PROBLEM TO WORK ON:
From the line that contains "VR gözlükle korkmuş bir adamım" down to the final line below, please repeat each line exactly and nothing more, with no pictures.

*** Opening DATA FOR REVIEW ***

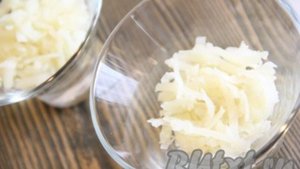 Салат из печени трески с маринованными огурцами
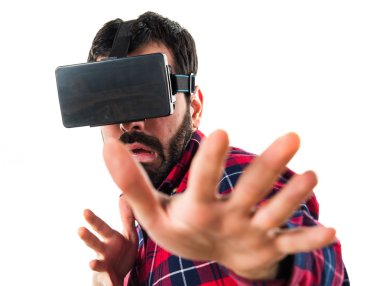 VR gözlükle korkmuş bir adamım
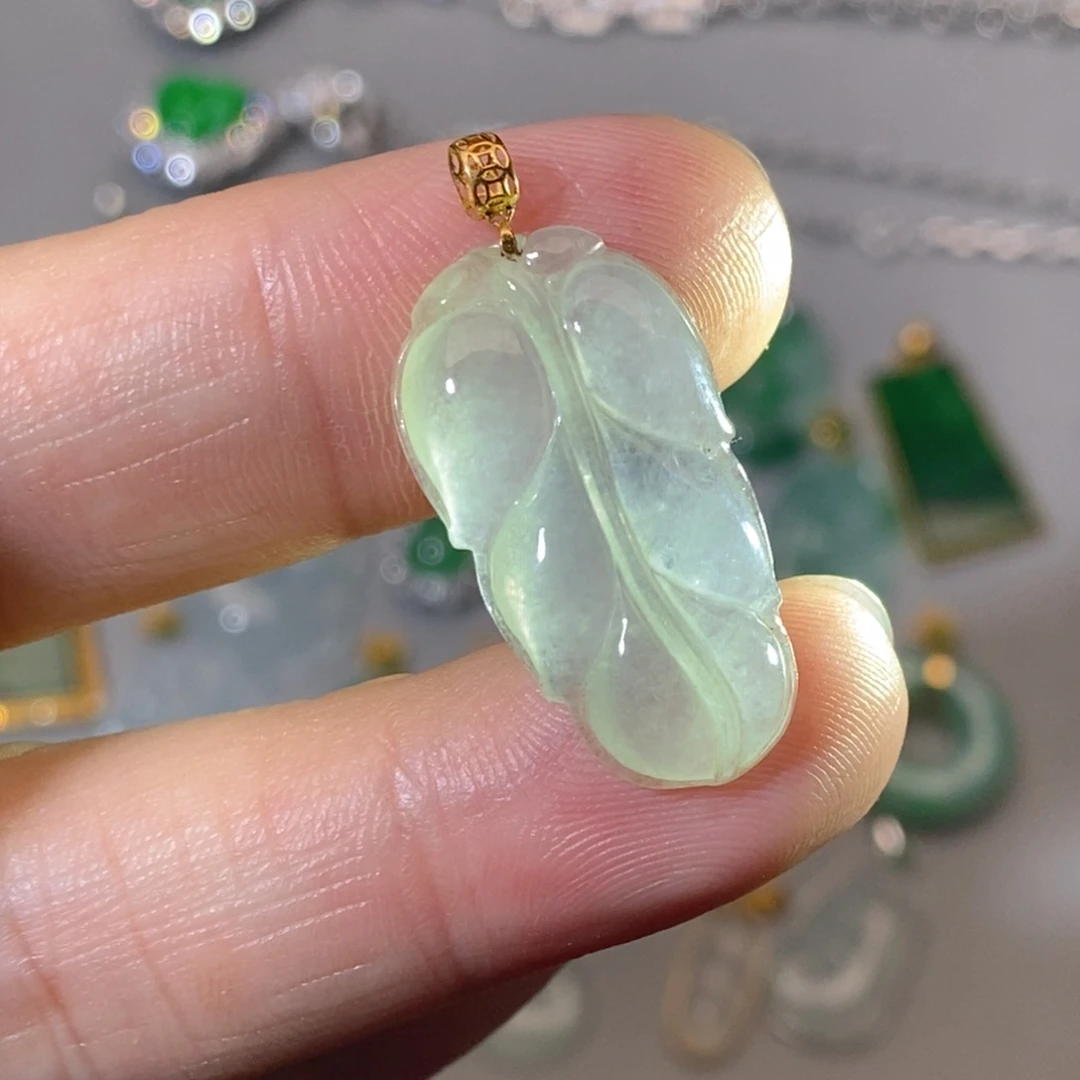 翡翠未镶嵌颈饰叶子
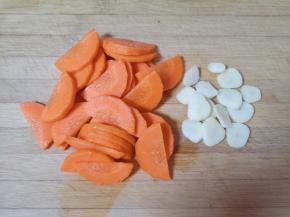 胡萝卜和大蒜分别洗干净切成片。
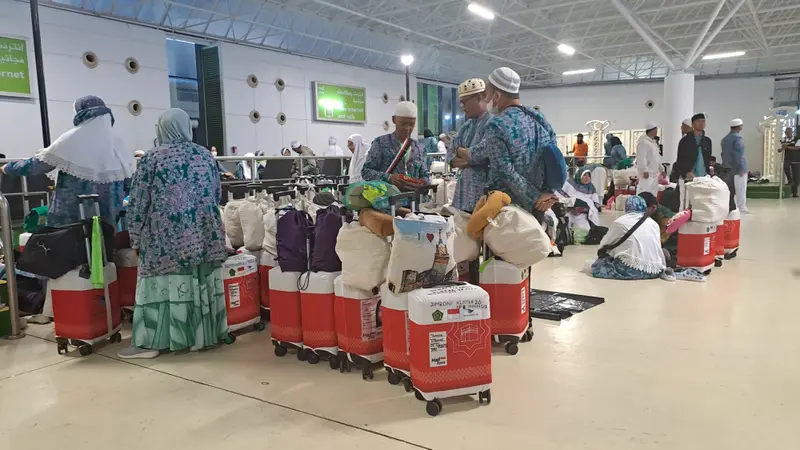 Jemaah haji kloter UPG 20 bersiap di Paviliun D1 Terminal Haji Bandara Internasional King Abdul Aziz, Jeddah sebelum diterbangkan ke Tanah Air. Pemulangan jemaah haji gelombang 1 ke Tanah Air melalui Bandara Jeddah berakhir hari ini.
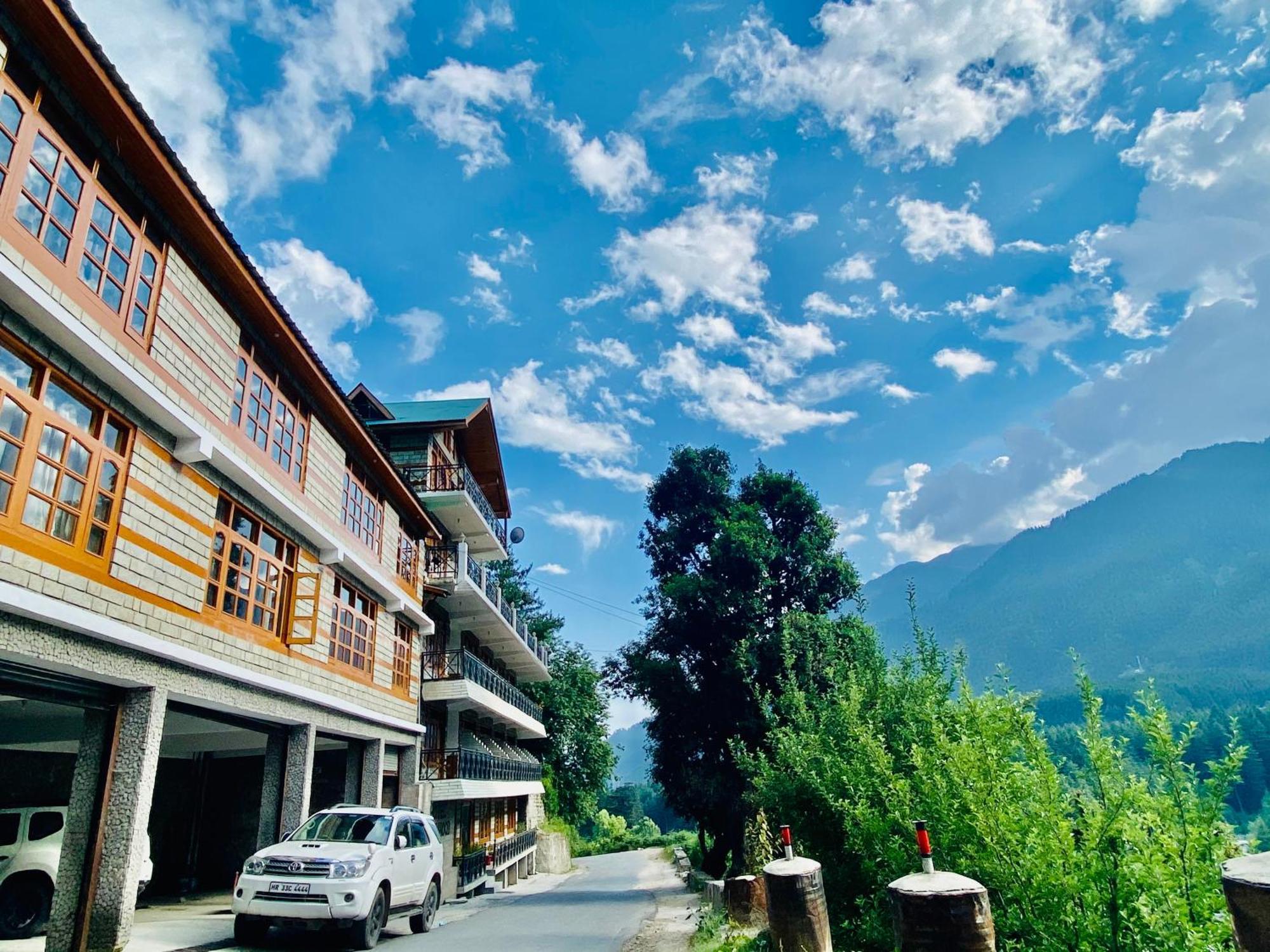 Snow Clad Riverview Hotel & Resort, Manali Exterior foto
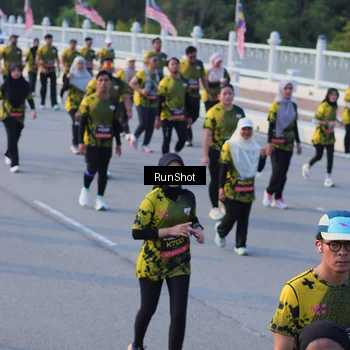 Runner Photo 7119160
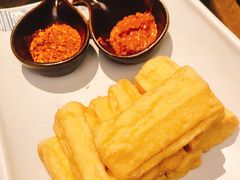 香煎石屏豆腐-云海肴·汽锅鸡·云南代表菜(天津国金汇店)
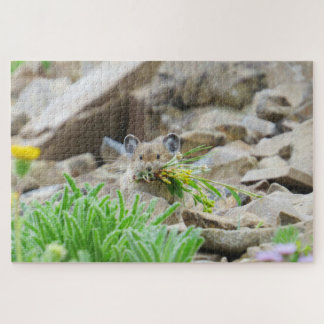 Puzzle Pika Tenant Des Feuilles Et Des Fleurs Dans La Bou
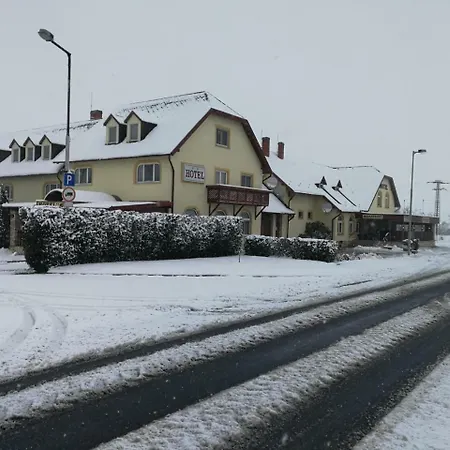 Patyi Etterem Es فندق 2*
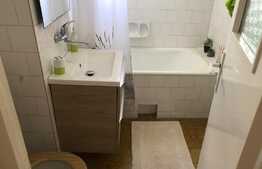 3 camere, decomandat, 70 mp, parcare, zona strazii Calea Floresti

*** Closing DATA FOR REVIEW ***

YOUR RESPONSE:
 VR gözlükle korkmuş bir adamım
 翡翠未镶嵌颈饰叶子
 胡萝卜和大蒜分别洗干净切成片。
 Jemaah haji kloter UPG 20 bersiap di Paviliun D1 Terminal Haji Bandara Internasional King Abdul Aziz, Jeddah sebelum diterbangkan ke Tanah Air. Pemulangan jemaah haji gelombang 1 ke Tanah Air melalui Bandara Jeddah berakhir hari ini.
 Snow Clad Riverview Hotel & Resort, Manali Exterior foto
 Runner Photo 7119160
 香煎石屏豆腐-云海肴·汽锅鸡·云南代表菜(天津国金汇店)
 Puzzle Pika Tenant Des Feuilles Et Des Fleurs Dans La Bou
 Patyi Etterem Es فندق 2*
 3 camere, decomandat, 70 mp, parcare, zona strazii Calea Floresti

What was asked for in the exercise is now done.